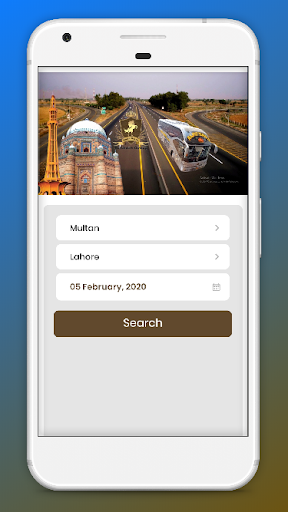 Android application Rajput Travels screenshort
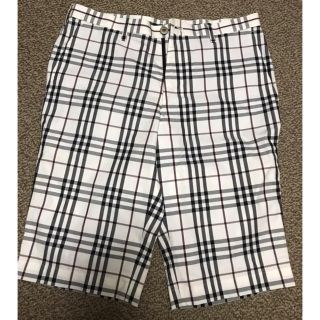 バーバリーブラックレーベル(BURBERRY BLACK LABEL)のBurberry Black Label short pants(ショートパンツ)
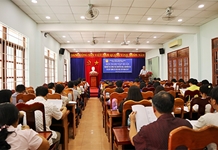 Tập huấn nghiệp vụ công tác khuyến học, khuyến tài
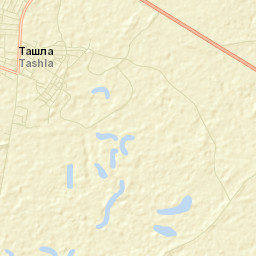 Tashla Street Map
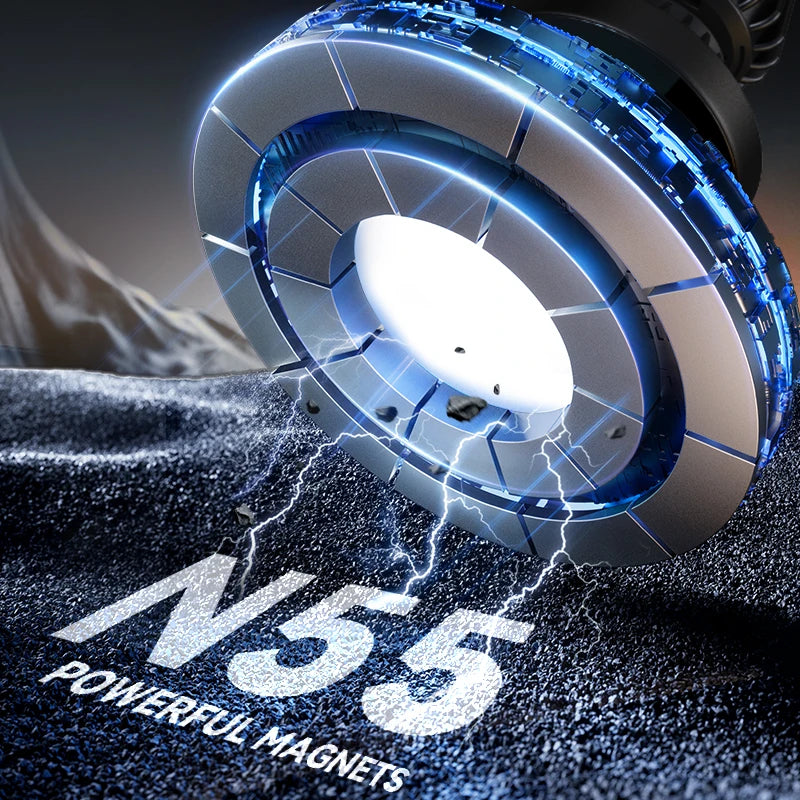 15W Magnetic Phone Holder Mount Charger Fast Wireless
******
TRY IT:
Leave the pictures aside and give the records above back word for word.

EXPECTED ANSWER:
 Android application Rajput Travels screenshort
 バーバリーブラックレーベル(BURBERRY BLACK LABEL)のBurberry Black Label short pants(ショートパンツ)
 Tập huấn nghiệp vụ công tác khuyến học, khuyến tài
 Tashla Street Map
 15W Magnetic Phone Holder Mount Charger Fast Wireless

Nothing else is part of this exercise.